Matsuda memberikan alamat rumah sakitnya.

Setelah menutup telepon, dia melihat ke arah Conan di ranjang rumah sakit, yang menerima infus karena pilek.

"Hattori dan Ran akan segera datang."

"Ah."

Conan masih agak linglung karena demamnya, jadi dia hanya mengangguk untuk menandakan dia mengerti.

“Nak, Hattori baru saja mengatakan di telepon bahwa dia perlu mengkonfirmasi beberapa hal denganku,” Matsuda mengangkat alisnya. “Transformasimu hari ini mungkin tidak bisa dirahasiakan darinya.”

"...Kuharap kita tidak ketahuan," kata Conan dengan suara serak, terdengar malu.

“Tidak akan terekspos?” Matsuda mencibir. “Apa menurutmu kamu meninggalkan banyak celah dalam kasus ini? Jangan lupa, pakaian aslimu masih ada di kamar keluarga Tsujimura.”

Pakaian yang disebutkan di sini mengacu pada pakaian anak-anak Conan yang robek saat bertransformasi.

Untuk menghindari Shinichi Kudo bertransformasi di depan umum, Matsuda pergi dengan tergesa-gesa hingga dia lupa membawa pakaian anak-anak.

“Apa yang kita lakukan sekarang?” Conan panik.

“Mari kita tunggu sampai Hattori tiba,” kata Matsuda dengan ekspresi tak berdaya. "Jika dia tidak mengetahuinya, semuanya akan baik-baik saja.
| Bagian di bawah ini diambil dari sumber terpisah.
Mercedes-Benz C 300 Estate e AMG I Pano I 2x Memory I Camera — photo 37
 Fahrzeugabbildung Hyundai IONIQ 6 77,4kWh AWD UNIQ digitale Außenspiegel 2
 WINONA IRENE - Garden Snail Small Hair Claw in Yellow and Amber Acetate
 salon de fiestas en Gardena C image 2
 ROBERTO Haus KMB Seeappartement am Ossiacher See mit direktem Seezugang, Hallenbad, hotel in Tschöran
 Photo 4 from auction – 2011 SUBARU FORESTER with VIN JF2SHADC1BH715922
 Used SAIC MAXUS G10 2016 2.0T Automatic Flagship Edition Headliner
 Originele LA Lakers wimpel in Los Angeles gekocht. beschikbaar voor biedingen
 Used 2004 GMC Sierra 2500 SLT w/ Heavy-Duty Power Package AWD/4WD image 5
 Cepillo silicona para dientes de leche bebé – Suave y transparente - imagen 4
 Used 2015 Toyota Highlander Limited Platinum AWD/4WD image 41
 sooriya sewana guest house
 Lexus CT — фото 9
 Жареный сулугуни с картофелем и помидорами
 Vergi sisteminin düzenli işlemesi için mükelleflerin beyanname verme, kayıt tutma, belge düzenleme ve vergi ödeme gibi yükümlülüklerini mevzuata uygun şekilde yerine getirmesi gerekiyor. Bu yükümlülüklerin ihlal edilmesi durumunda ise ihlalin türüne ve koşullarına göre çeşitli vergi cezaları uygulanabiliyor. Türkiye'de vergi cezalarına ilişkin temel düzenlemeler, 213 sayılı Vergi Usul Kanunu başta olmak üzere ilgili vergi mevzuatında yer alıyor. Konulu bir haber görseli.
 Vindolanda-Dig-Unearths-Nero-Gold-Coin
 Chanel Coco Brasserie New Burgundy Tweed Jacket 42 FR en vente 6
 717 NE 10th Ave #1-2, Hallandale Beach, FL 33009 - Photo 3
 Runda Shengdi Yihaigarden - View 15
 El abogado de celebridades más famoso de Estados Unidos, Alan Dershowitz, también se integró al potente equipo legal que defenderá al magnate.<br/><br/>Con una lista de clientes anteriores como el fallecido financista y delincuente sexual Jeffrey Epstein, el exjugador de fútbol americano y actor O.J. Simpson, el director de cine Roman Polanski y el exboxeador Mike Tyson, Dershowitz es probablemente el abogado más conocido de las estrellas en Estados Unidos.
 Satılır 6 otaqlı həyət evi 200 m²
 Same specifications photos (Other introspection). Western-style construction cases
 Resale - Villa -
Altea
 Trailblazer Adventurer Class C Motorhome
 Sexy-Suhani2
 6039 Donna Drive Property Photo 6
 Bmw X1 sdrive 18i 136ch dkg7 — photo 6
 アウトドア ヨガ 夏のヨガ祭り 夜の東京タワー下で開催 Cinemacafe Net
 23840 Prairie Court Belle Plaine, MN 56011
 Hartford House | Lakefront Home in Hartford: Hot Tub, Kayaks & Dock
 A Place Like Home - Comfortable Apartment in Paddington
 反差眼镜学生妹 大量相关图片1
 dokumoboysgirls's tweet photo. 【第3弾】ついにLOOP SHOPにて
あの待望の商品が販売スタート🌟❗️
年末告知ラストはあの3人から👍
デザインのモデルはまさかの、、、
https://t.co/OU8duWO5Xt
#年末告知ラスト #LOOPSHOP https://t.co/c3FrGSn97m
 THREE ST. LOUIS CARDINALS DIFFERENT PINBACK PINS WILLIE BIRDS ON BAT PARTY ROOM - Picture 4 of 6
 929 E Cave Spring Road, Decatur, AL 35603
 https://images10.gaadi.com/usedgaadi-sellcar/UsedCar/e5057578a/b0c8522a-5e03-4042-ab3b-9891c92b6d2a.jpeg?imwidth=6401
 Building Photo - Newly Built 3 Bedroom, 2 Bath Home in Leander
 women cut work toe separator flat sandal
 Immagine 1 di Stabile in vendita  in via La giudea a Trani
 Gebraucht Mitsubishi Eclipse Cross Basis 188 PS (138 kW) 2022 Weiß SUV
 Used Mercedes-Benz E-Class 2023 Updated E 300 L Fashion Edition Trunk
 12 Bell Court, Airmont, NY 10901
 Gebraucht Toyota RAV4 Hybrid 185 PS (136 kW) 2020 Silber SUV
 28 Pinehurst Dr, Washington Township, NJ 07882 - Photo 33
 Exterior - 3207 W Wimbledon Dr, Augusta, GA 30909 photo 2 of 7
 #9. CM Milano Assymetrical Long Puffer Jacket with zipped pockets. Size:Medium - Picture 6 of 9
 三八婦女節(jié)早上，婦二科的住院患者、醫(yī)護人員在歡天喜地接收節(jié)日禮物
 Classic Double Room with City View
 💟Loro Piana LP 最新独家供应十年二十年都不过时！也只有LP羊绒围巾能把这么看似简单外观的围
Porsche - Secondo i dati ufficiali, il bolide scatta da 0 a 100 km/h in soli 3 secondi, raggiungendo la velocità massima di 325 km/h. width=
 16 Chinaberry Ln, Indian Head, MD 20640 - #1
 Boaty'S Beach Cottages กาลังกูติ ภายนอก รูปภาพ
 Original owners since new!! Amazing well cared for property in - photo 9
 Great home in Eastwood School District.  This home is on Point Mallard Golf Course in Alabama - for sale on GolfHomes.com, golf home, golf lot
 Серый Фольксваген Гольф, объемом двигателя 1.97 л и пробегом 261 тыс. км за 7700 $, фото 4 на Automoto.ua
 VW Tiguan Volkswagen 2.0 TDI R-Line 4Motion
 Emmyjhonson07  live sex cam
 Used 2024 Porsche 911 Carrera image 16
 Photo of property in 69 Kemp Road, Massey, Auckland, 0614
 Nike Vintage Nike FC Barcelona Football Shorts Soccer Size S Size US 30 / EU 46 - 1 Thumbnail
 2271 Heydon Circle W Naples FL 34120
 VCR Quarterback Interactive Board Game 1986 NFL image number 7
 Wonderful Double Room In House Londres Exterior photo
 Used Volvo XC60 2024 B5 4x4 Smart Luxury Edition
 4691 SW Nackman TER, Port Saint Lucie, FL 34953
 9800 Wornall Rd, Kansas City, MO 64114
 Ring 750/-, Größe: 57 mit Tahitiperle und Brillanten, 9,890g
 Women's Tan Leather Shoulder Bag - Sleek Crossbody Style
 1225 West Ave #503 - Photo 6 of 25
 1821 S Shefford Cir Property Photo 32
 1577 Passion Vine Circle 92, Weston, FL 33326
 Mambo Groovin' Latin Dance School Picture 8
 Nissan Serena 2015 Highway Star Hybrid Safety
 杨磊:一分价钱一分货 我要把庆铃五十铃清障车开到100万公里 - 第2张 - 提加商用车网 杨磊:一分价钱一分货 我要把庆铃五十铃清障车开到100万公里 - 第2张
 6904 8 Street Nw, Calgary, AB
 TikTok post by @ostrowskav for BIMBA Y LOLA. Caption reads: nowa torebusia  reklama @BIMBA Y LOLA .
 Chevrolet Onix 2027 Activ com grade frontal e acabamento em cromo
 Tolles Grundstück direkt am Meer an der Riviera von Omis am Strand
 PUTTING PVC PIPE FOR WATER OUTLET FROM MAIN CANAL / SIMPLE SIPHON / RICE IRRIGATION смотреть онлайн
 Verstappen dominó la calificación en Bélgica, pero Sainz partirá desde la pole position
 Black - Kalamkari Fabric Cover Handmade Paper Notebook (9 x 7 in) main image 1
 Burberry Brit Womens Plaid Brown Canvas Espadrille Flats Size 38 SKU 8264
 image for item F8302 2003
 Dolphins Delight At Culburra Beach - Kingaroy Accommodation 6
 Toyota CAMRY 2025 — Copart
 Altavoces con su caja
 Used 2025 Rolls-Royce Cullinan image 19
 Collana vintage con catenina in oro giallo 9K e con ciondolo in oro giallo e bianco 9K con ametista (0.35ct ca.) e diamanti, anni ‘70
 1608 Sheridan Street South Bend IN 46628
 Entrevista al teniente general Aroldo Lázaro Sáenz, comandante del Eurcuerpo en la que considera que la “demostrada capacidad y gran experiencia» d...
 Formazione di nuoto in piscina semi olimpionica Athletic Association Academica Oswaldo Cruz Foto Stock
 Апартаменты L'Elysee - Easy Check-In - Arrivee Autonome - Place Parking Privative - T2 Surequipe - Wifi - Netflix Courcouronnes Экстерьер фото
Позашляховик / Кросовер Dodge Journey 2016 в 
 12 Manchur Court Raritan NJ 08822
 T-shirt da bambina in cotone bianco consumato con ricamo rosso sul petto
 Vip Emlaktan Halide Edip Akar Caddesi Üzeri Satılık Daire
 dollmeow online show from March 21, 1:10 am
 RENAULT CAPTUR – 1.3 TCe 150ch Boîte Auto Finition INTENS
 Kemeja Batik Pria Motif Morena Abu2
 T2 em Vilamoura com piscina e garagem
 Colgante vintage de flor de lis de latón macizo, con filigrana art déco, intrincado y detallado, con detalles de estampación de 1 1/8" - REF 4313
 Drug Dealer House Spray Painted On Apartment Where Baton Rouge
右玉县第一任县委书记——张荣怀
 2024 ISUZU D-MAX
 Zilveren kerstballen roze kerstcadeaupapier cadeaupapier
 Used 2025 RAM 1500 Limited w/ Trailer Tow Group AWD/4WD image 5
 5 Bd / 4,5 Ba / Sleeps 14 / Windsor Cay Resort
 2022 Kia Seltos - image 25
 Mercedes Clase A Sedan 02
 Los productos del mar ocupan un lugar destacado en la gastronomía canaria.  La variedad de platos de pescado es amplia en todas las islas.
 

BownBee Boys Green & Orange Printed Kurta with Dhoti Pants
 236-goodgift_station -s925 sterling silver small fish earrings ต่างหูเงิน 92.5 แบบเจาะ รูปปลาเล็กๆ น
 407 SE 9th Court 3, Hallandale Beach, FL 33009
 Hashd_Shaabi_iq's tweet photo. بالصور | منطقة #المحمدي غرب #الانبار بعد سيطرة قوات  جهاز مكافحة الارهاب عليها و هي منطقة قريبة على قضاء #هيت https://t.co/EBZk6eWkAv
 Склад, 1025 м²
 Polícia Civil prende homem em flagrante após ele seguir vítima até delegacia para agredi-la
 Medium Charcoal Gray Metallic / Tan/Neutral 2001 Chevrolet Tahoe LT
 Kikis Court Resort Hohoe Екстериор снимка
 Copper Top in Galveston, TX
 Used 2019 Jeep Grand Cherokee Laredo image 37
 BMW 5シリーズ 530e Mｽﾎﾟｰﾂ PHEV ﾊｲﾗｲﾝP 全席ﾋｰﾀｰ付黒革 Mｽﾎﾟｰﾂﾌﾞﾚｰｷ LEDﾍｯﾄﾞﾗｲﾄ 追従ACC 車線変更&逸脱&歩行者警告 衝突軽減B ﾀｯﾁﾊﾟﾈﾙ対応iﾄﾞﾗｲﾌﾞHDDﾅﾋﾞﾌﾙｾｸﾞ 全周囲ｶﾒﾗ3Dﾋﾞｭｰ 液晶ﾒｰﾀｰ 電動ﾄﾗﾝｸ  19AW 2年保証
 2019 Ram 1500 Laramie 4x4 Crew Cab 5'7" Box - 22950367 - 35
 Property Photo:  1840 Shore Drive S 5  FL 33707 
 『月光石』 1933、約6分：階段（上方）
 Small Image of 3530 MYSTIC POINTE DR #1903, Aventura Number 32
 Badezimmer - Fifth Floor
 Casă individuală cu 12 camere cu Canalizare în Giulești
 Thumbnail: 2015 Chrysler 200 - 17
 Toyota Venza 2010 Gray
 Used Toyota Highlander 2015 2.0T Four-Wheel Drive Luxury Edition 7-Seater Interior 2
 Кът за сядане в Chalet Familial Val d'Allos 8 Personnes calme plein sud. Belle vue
Jika dia mengetahuinya, kamu bisa memutuskannya sendiri."

"Aku akan memutuskan sendiri?" Conan terdiam, tampak bingung.

“Nak, jangan memikul semuanya sendiri,” tegur Matsuda. "Kemampuan seseorang untuk menanggung beban pada akhirnya terbatas. Terkadang, memiliki lebih banyak pasangan yang memiliki pemikiran yang sama adalah hal yang baik."

"…Mitra." Conan menunduk dan terdiam.

Karena secara pribadi mengalami teror Organisasi Hitam, dia jarang mengungkapkan cobaan beratnya kepada orang lain.

Sejauh ini, satu-satunya orang yang mengetahui situasinya hanyalah Profesor Agasa, orang tua Conan, dan Matsuda.